Early studies, such as that of G. Thomas Shires, seemed to point to a need for aggressive resuscitation in patients with hemorrhagic shock. Early on, the American College of Surgeons Advanced Trauma Life Support program advocated for a protocol of aggressive resuscitation for all trauma patients regardless of the mechanism of injury, with the end goal being the administration of crystalloid in a 3:1 ratio to the estimated amount of blood lost.

With the Vietnam War, the negative outcomes after over-resuscitation became more recognized. Patients who received significant resuscitation developed “DaNang Lung,” which later became known as acute respiratory distress syndrome (ARDS). They also had increased incidences of abdominal compartment syndrome. In fact, it is now clear that aggressive crystalloid infusion, targeting endpoints aimed at restoring blood volume and central venous pressure, may have the untoward effect of worsening the lethal triad of acidosis, coagulopathy, and hypothermia.

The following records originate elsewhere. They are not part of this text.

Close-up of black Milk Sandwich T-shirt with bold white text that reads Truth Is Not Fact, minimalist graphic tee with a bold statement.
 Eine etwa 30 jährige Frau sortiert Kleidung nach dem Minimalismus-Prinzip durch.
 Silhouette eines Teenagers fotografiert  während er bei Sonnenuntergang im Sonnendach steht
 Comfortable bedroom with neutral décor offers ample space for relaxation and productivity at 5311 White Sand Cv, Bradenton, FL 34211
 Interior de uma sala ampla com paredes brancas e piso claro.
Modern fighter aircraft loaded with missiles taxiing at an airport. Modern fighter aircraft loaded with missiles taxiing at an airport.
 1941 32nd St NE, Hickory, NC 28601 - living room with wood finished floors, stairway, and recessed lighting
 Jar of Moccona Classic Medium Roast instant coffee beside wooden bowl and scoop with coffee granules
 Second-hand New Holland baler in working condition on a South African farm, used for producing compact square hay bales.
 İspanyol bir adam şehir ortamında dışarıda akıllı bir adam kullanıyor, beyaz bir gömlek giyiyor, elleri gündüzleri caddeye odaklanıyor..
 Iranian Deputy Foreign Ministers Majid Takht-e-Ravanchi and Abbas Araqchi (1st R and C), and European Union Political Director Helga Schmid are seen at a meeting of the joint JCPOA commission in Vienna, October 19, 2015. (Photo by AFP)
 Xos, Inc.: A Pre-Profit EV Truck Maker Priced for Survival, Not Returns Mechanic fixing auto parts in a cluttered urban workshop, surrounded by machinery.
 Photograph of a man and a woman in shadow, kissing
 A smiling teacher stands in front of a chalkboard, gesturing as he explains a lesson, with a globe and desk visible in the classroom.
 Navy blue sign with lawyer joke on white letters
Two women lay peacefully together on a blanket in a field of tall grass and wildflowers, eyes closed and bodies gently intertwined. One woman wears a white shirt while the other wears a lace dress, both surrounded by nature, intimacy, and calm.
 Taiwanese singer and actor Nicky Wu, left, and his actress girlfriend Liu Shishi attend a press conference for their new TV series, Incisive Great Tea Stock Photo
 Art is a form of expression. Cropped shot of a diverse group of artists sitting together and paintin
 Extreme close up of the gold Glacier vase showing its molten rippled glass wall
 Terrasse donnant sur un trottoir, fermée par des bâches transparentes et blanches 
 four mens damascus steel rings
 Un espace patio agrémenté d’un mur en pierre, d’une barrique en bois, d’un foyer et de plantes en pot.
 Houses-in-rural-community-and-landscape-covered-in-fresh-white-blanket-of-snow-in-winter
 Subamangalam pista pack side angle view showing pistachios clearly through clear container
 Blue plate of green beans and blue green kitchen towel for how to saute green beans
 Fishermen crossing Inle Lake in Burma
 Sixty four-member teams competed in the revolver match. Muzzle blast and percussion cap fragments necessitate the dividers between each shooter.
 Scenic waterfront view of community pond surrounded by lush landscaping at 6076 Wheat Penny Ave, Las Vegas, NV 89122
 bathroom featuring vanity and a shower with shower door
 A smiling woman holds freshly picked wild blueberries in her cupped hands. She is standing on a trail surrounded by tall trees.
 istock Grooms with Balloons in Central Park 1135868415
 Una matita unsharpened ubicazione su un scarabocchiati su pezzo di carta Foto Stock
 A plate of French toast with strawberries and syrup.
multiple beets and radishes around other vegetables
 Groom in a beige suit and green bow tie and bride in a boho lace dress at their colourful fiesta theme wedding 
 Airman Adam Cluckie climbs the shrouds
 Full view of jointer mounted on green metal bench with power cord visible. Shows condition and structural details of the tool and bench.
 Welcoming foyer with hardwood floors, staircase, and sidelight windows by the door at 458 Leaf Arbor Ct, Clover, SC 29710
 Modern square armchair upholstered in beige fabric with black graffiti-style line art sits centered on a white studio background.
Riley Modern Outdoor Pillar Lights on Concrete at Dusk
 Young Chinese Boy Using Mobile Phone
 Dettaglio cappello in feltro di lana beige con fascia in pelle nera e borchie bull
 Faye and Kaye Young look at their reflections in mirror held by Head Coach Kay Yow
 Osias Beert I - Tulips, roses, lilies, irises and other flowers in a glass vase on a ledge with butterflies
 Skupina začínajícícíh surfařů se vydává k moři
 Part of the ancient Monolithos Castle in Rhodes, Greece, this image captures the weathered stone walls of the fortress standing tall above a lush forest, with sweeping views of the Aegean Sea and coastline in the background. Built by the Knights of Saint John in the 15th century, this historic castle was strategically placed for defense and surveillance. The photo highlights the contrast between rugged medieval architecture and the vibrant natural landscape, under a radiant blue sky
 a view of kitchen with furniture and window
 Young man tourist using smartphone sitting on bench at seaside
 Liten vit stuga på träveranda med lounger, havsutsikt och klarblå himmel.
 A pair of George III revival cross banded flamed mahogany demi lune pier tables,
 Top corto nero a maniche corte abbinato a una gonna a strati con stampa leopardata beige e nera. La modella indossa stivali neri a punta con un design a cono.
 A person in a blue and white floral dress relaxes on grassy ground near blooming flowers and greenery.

The three components of the lethal triad have been found to be predictors of poor outcomes. The body has an outstanding capacity to compensate for physiologic derangements following penetrating trauma, but the lethal triad is the beginning of a whirlwind cascade of physiologic events that become very difficult, if not impossible, to overcome. Components of the triad have been targets of intense research aimed at looking for ways to prevent negative side effects of physiologic abnormalities.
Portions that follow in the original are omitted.